● TASK DIRECTIONS:
For any picture in the lines below, please leave it out and copy the rest exactly.

● COLLECTED DATA:
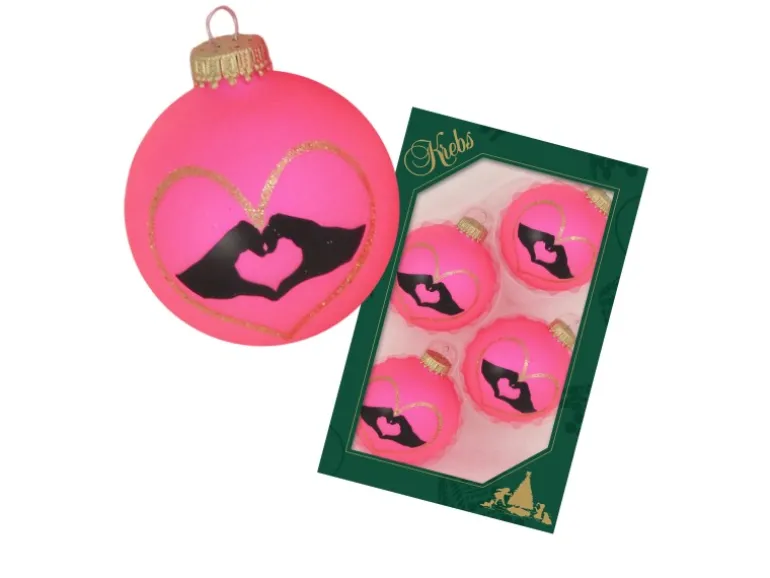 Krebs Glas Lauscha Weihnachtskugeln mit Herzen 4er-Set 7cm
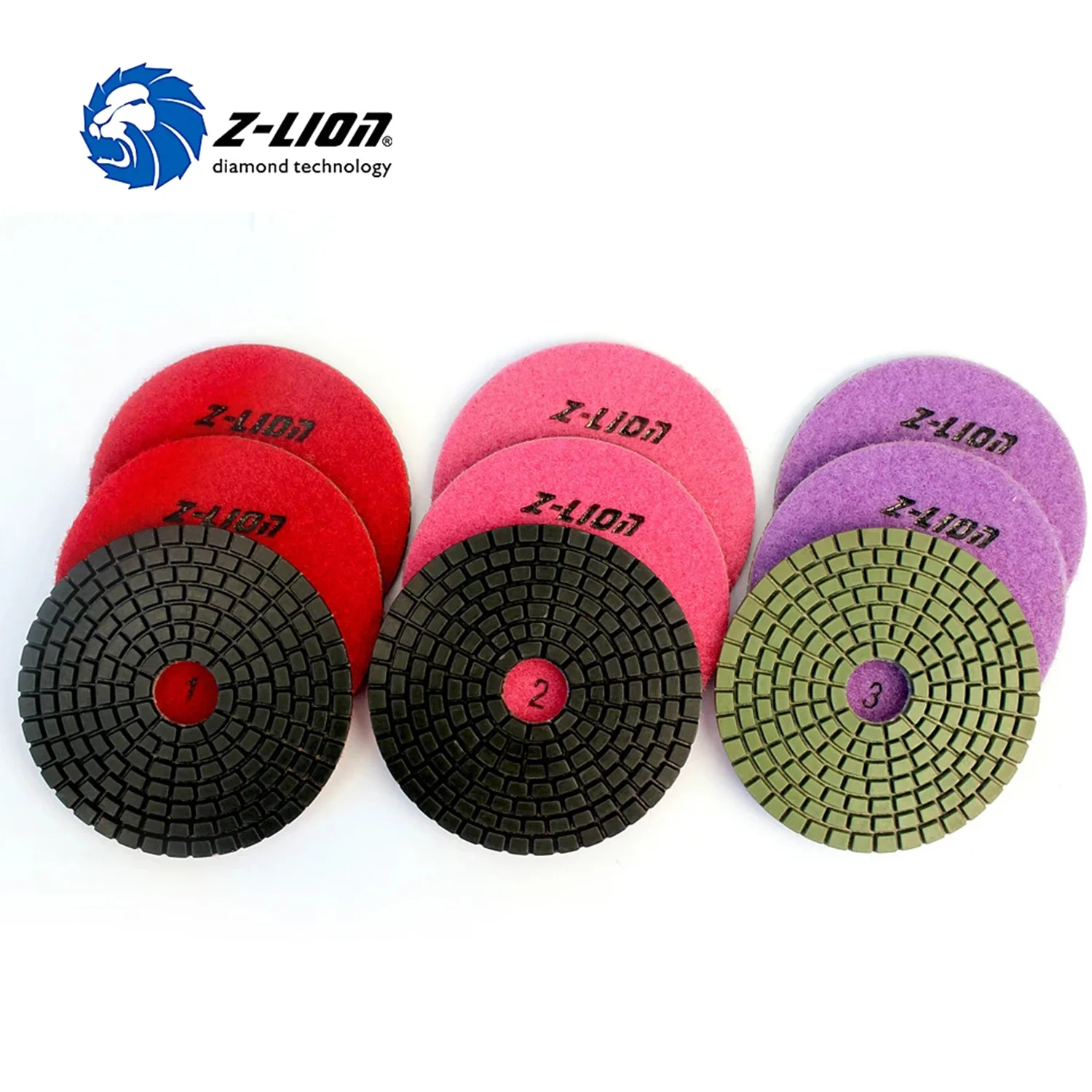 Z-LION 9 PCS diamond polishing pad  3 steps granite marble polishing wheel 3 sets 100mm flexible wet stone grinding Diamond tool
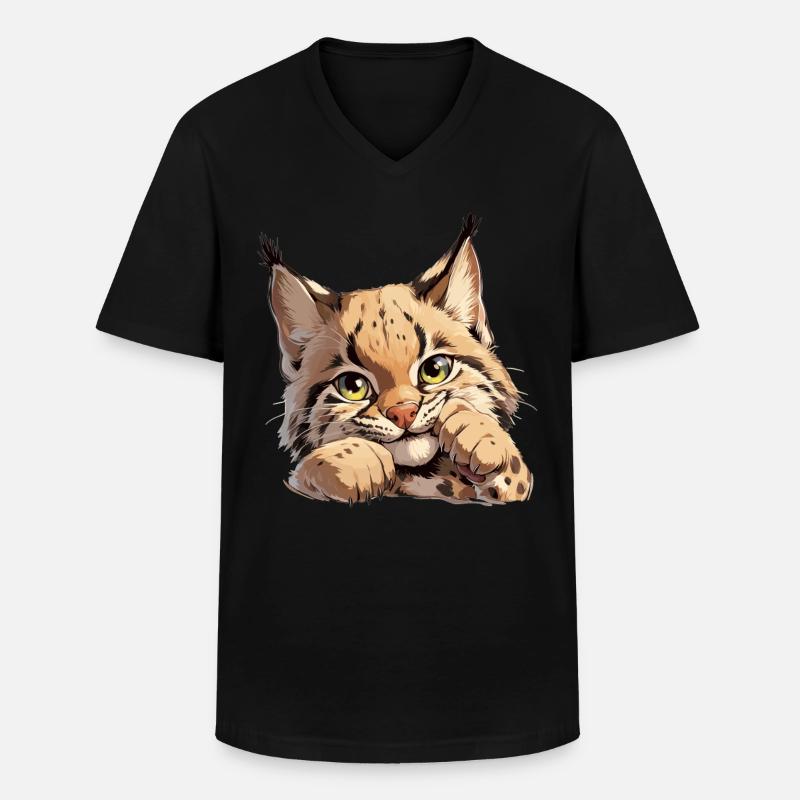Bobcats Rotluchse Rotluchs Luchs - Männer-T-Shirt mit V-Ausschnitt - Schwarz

● REPLY:
 Krebs Glas Lauscha Weihnachtskugeln mit Herzen 4er-Set 7cm
 Z-LION 9 PCS diamond polishing pad  3 steps granite marble polishing wheel 3 sets 100mm flexible wet stone grinding Diamond tool
Bobcats Rotluchse Rotluchs Luchs - Männer-T-Shirt mit V-Ausschnitt - Schwarz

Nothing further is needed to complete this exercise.